Another group of Japanese private-sector firms have partnered with Malaysia's state-owned oil Petronas to create a carbon capture and storage (CCS) value chain between the two countries.

Japanese conglomerate Eneos Holdings' subsidiaries, including refiner Eneos and its affiliate upstream developer JX Nippon Oil & Gas Exploration, along with trading house Mitsubishi, on 1 March signed an initial agreement with Petronas' subsidiary Petronas CCS Solutions. They will jointly explore the possibility of collecting carbon dioxide (CO2) emissions in the Tokyo bay area and shipping and storing them in Malaysia, aiming to start operations by the April 2030-March 2031 fiscal year.

The study assumes the capture of CO2 emissions from various industries in the Keihin and Keiyo areas along Tokyo bay, aiming to initially accumulate 3mn t/yr and eventually lift volumes to 6mn t/yr.

Eneos will mostly focus on separating and capturing CO2 emitted from its refineries, as well as exploring developing liquefied CO2 transportation, while JX will develop and evaluate CCS storage sites in Malaysia, including securing storage sites and their costs.

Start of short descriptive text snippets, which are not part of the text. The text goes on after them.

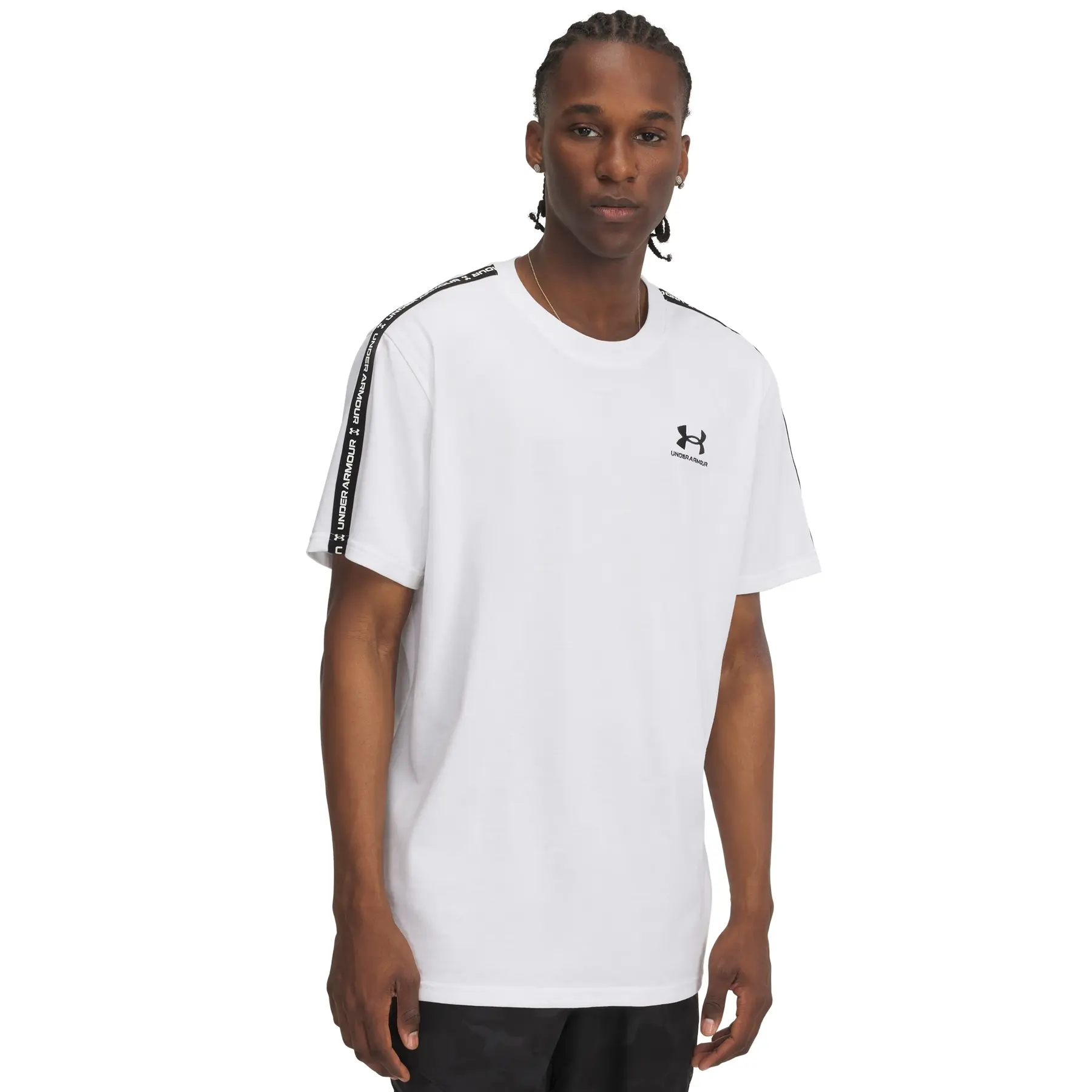 T-Shirt Under Armour Icon Heavyweight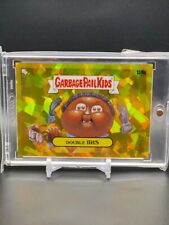 2021 Topps Garbage Pail Kids Sapphire S2 - Double Iris 139a - 🪙 Gold 🪙 04 /15 picture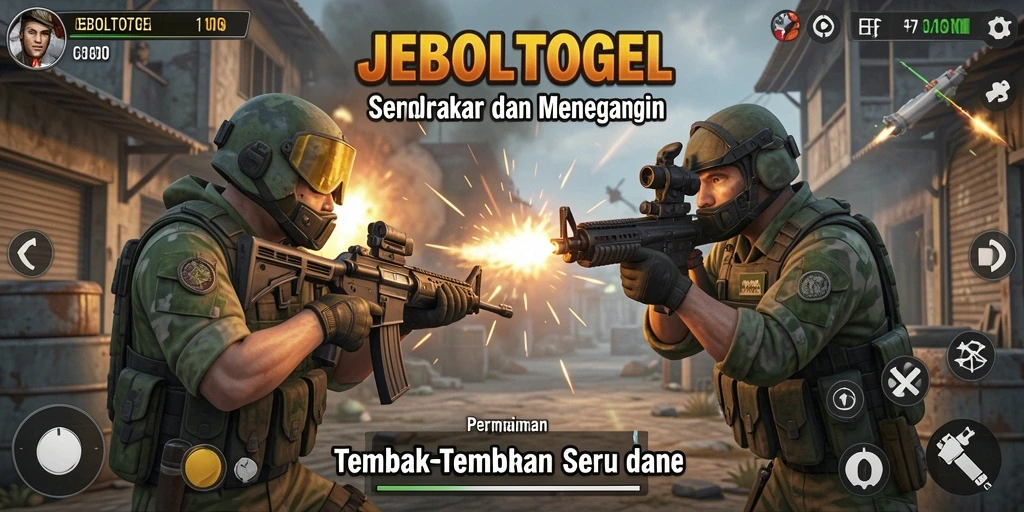 Skrinsut gameplay JEBOLTOGEL yang seru dan mendebarkan.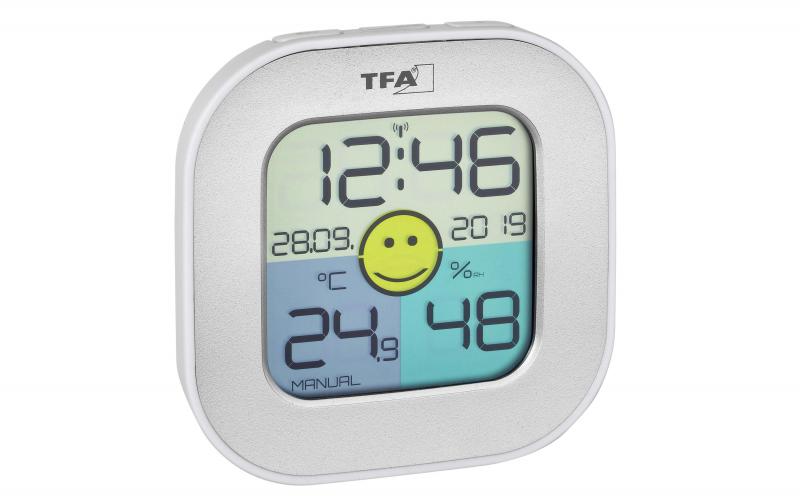 TFA FUN Digitales Thermo-Hygrometer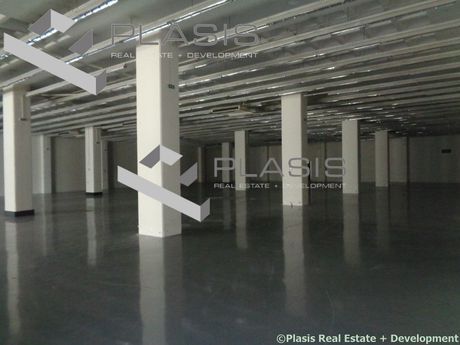 Κατάστημα 6.800 τ.μ. προς ενοικίαση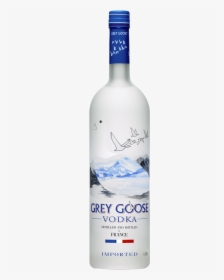 Grey Goose Vodka Png - Goose Vodka, Transparent Png, Free Download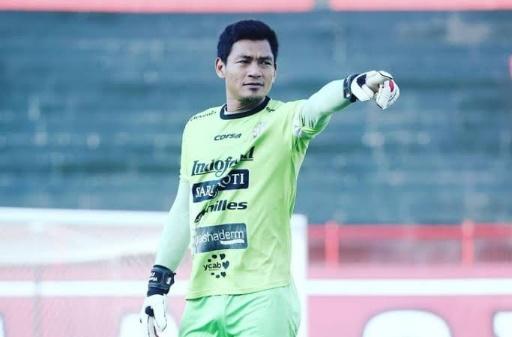 Simon McMeneny Panggil Penjaga Gawang Baru ke Timnas Indonesia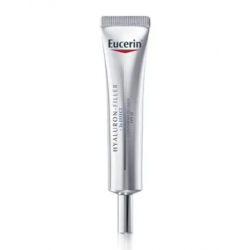 EUCERIN HYALURON FILLER 3xEFFECT CONTORNO DE OJOS FPS15 15ML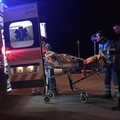 Picchiata e abbandonata in strada sulla provinciale tra Bitritto e Bari: 31enne in gravi condizioni
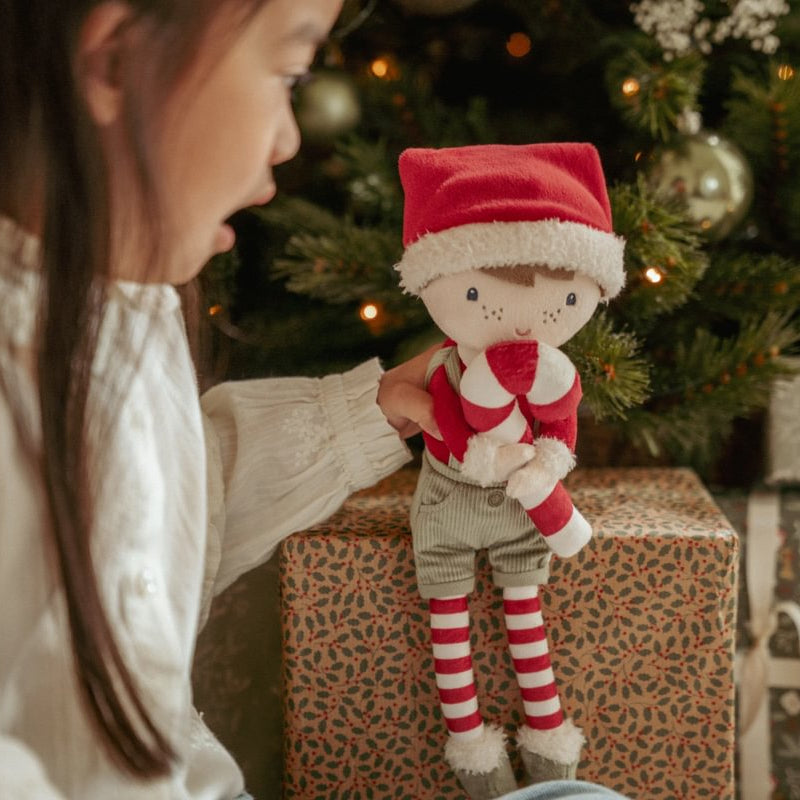 Little Dutch Christmas Doll Jim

Mitsubishi will work on CO2 accumulation and its transportation.

Building CCS value chains between Japan and Malaysia have gained momentum, after Japan's trade and industry ministry and state-owned energy agency Jogmec signed an initial agreement with Petronas in September 2023 to begin discussing a regulatory and general framework on CO2 exports from Japan and storage in Malaysia.

Japanese upstream company Japex, engineering firm JGC and shipping company K-Line and Petronas CCS Ventures agreed with Malaysia's Sarawak-owned energy firm Petroleum Sarawak on 26 February to study CCS business opportunities using a depleted gas field in block M3 offshore Sarawak for CO2 injection.

More involvement in overseas CCS projects is inevitable for Japan because of its limited domestic storage sites. Tokyo aims to add 6mn-12mn t/yr of CO2 storage capacity domestically and overseas from 2030, targeting 120mn-240mn t/yr by 2050. The government previously projected Japan could store up to 70pc of its forecast 240mn t/yr of CO2 emissions in 2050.